EC – E os restaurantes?
Hallal –
Sabe que pelo que se observa, nem os restaurantes são vilões. Nem mesmo as indústrias. Se pegarmos as indústrias, o protocolo deles é bom. Tem pouca gente se contaminando. O mesmo vale para o comércio em geral. Com exceções, mas no geral está bem.

 Verdadeiros vilões

EC – Quem é o vilão?
Hallal –
O problema hoje é o que sempre foi, a aglomeração. Festa de gurizada. Barzinho. Noite. É aí que está descontrolando. Tem de começar enfrentando esses lugares aí, que são os mais cruciais. Por isso, a medida do governo estadual que prevê uma espécie de toque de recolher considero correta, especialmente no verão.

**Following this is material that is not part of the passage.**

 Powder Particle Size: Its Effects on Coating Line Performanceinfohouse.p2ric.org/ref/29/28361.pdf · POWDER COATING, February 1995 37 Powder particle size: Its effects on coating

EC – Qual o papel do litoral e do veraneio nisso?
Hallal –
O importante é evitar as praias. Mas se fosse escolher um local para ir com a família eu escolheria a praia com protocolos mais rígidos. E é aí que está faltando um papel de liderança, tanto federal, quanto estadual. Essas diferenças que existem de localidade para localidade nas práticas e nos protocolos – umas mais frouxas e outras não –, elas não poderiam acontecer. Quando o STF disse que os prefeitos e os governadores tinham poderes para determinar seus decretos, esses poderes não são ilimitados. Não era para poder ter nenhuma praia no Brasil descumprindo regras mínimas de distanciamento.  Aí falta comando federal. Falta centralização no Ministério da Saúde e da presidência. Falta coordenação.

Ponto fraco

EC – Os prefeitos são jogados à pressão direta e próxima de seus clientes políticos, feudos empresariais locais e sem um amparo federal para sustentar medidas mais rígidas?
Hallal –
Quando a responsabilidade é jogada para o nível da prefeitura, se está tratando com alguém que é mais próximo do seu público. E o que acontece na prática é que o prefeito será muito mais facilmente pressionado pelo empresariado local do que o presidente da República. Na maioria das cidades do Brasil vai ter inclusive um parente do governante fazendo pressão política por flexibilização. Pensando nessa lógica, quanto mais centralizadas as decisões políticas melhor. Não para tudo, mas para isso. Só que, infelizmente, as políticas locais estão muito dependentes de quem é o prefeito e de que pressões ele está suscetível. Precisaria ter uma política mais coordenada a nível nacional e não temos. Às vezes até a nível estadual. Em vários estados há profunda falta de liderança dos governos.